# INFORMATION SHOWN
== Segment start ==

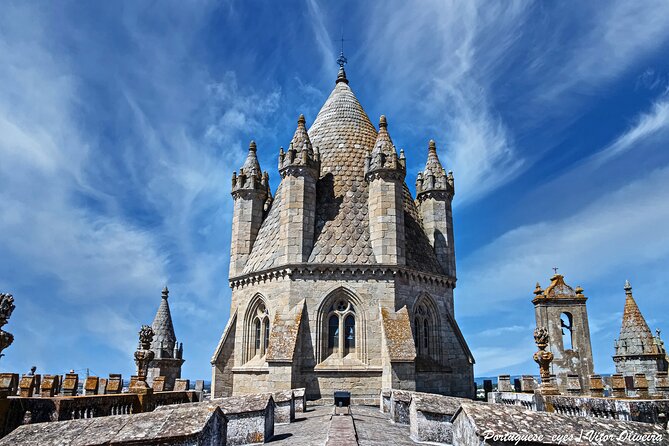 Private Évora Tour - Megaliths, Historical Center and Cork Region - Pricing and Group Size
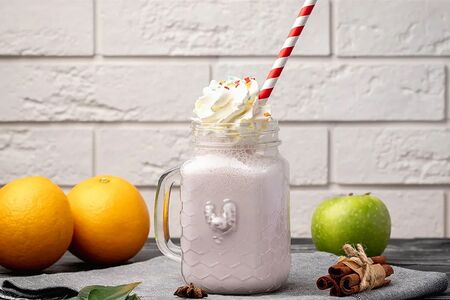 Молочный коктейль Пряная ягода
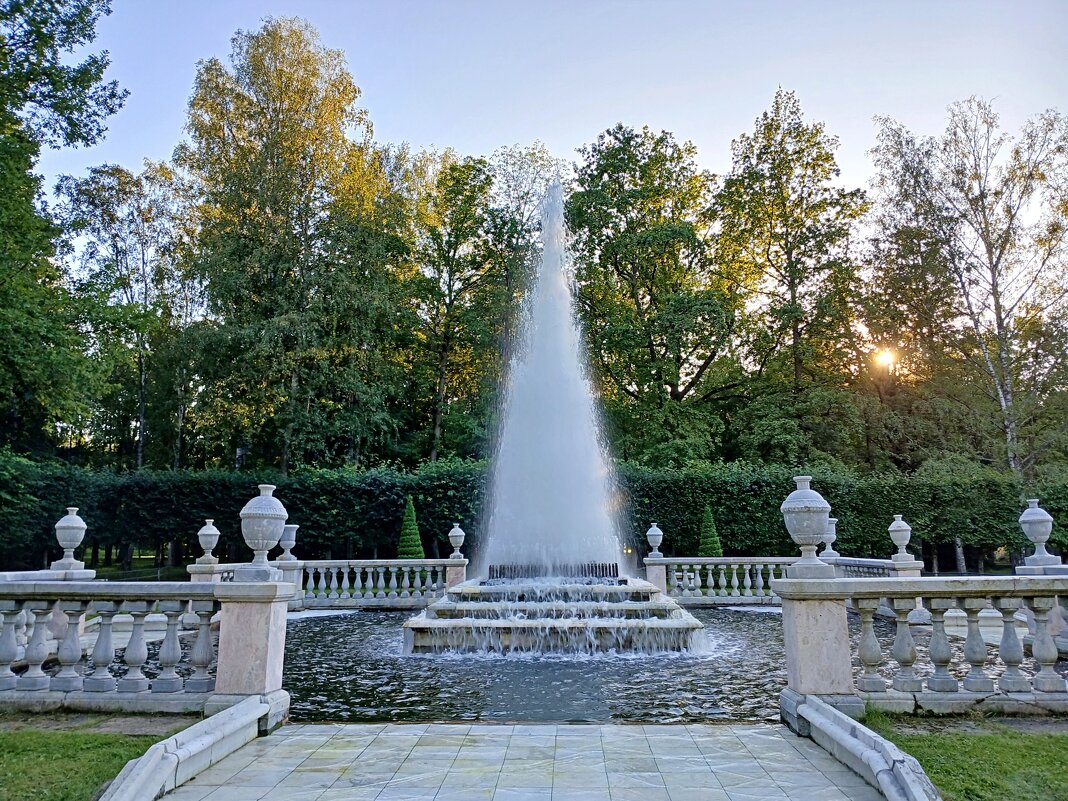 Фонтан "Пирамида". - Лия ☼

== Segment end ==

# EXERCISE DESCRIPTION
Would you please retype the material above exactly and leave out each picture?

# SOLVED EXERCISE
 Private Évora Tour - Megaliths, Historical Center and Cork Region - Pricing and Group Size
 Молочный коктейль Пряная ягода
 Фонтан "Пирамида". - Лия ☼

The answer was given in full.